It's being marketed as a novel for teenagers, and to that effect is a straightforward read, but the characters are complex and empathetic, even the 'evil' Weeks, and the theme of the book - incarceration of women into Victorian asylums for 'deviancy' - is potent and richly researched, lightly executed. Louisa's crime is that she want's to be a doctor, and doesn't want to marry. She becomes friends with a rape victim. Another woman was dumped there for being unmarried, and dependent on her brother and his wife.
My only complaint would be the cover. I understand it's a strong selling point, but it's precisely the restrictive nature of the corset (and all it's 'feminine' aspirations) that Louisa challenges.
I've worked with Jane.
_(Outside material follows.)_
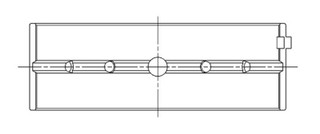 ACL Nissan VG30DETT 3.0L-V6 Standard Size High Performance Main Bearing Set - 4M2737H-STD Technical Drawing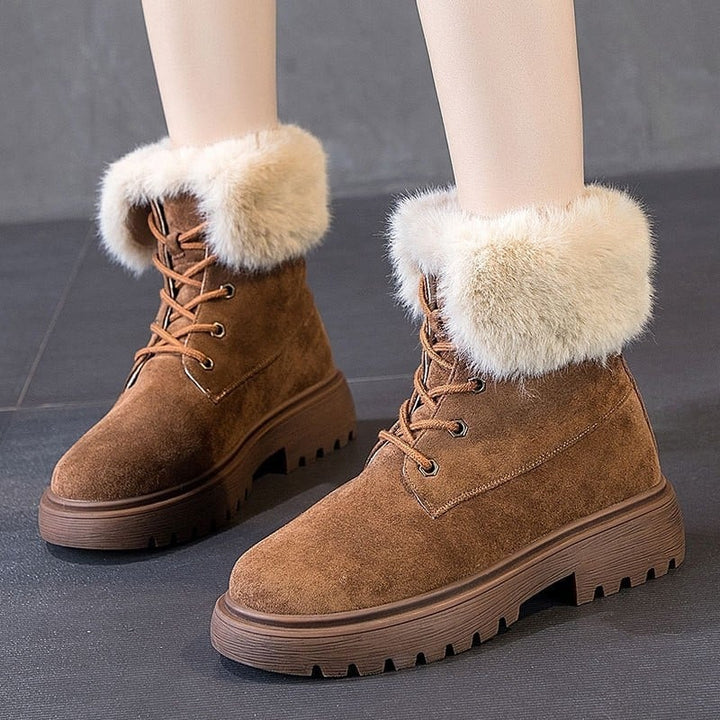 Bottes thermiques à effet soft-touch pour femmes - Vaelinne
She was published in Flax001 and we've kept in contact since then. So seeing her motivation behind the story, how it quietly displays her sense of injustice and horror at this all too common practice, was an added pleasure, and gave another perspective to my read. Jane's need to illuminate the abhorrent dependent 'non-status' women had in the nineteenth century is what fuels the book, keeps the fire of the language and plot alive. It made me realise what a great, compassionate, socially responsible writer she is and why I hold her in such high esteem.
She is currently writing her second book. It'll be a pleasure to read her next quiet expression of passion.